I have:
set hive.exec.dynamic.partition.mode=nonstrict;
set hive.tez.container.size=8192;
set tez.runtime.io.sort.mb=3276;
set tez.runtime.unordered.output.buffer.size-mb=819;
set hive.auto.convert.join=true;
set hive.auto.convert.join.noconditionaltask=true;
set hive.auto.convert.join.noconditionaltask.size=1610612736;
...to purposefully trigger OOM Java heap space issue. But the error:
Caused by: java.lang.OutOfMemoryError: Java heap space
at org.apache.hadoop.hive.serde2.WriteBuffers.nextBufferToWrite(WriteBuffers.java:261)
at org.apache.hadoop.hive.serde2.WriteBuffers.write(WriteBuffers.java:237)
at org.apache.hadoop.hive.ql.exec.persistence.MapJoinBytesTableContainer$LazyBinaryKvWriter.writeValue(MapJoinBytesTableContainer.java:333)
at org.apache.hadoop.hive.ql.exec.persistence.BytesBytesMultiHashMap.writeFirstValueRecord(BytesBytesMultiHashMap.java:896)

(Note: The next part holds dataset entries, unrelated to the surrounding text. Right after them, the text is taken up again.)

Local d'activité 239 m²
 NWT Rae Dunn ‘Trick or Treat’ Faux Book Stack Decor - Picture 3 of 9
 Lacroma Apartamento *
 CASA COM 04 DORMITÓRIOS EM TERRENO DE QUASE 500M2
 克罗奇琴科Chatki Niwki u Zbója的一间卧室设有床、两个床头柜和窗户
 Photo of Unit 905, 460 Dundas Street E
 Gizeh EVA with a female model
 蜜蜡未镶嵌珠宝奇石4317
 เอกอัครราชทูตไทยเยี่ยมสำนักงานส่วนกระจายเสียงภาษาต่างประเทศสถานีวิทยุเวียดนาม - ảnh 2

at org.apache.hadoop.hive.ql.exec.persistence.BytesBytesMultiHashMap.put(BytesBytesMultiHashMap.java:440)
at org.apache.hadoop.hive.ql.exec.persistence.MapJoinBytesTableContainer.putRow(MapJoinBytesTableContainer.java:450)
at org.apache.hadoop.hive.ql.exec.tez.HashTableLoader.load(HashTableLoader.java:242)
at org.apache.hadoop.hive.ql.exec.MapJoinOperator.loadHashTableInternal(MapJoinOperator.java:388)
at org.apache.hadoop.hive.ql.exec.MapJoinOperator.loadHashTable(MapJoinOperator.java:457)
at org.apache.hadoop.hive.ql.exec.MapJoinOperator.lambda$initializeOp$0(MapJoinOperator.java:241)
at org.apache.hadoop.hive.ql.exec.MapJoinOperator$$Lambda$75/510718713.call(Unknown Source)
at org.apache.hadoop.hive.ql.exec.tez.ObjectCache.retrieve(ObjectCache.java:96)
at org.apache.hadoop.hive.ql.exec.tez.ObjectCache$1.call(ObjectCache.java:113)
... 4 more
, errorMessage=Cannot recover from this error:java.lang.RuntimeException: Reducer 3 operator initialization failed
at org.apache.hadoop.hive.ql.exec.tez.ReduceRecordProcessor.init(ReduceRecordProcessor.java:265)
at org.apache.hadoop.hive.ql.exec.tez.TezProcessor.initializeAndRunProcessor(TezProcessor.java:270)
at org.apache.hadoop.hive.ql.exec.tez.TezProcessor.run(TezProcessor.java:253)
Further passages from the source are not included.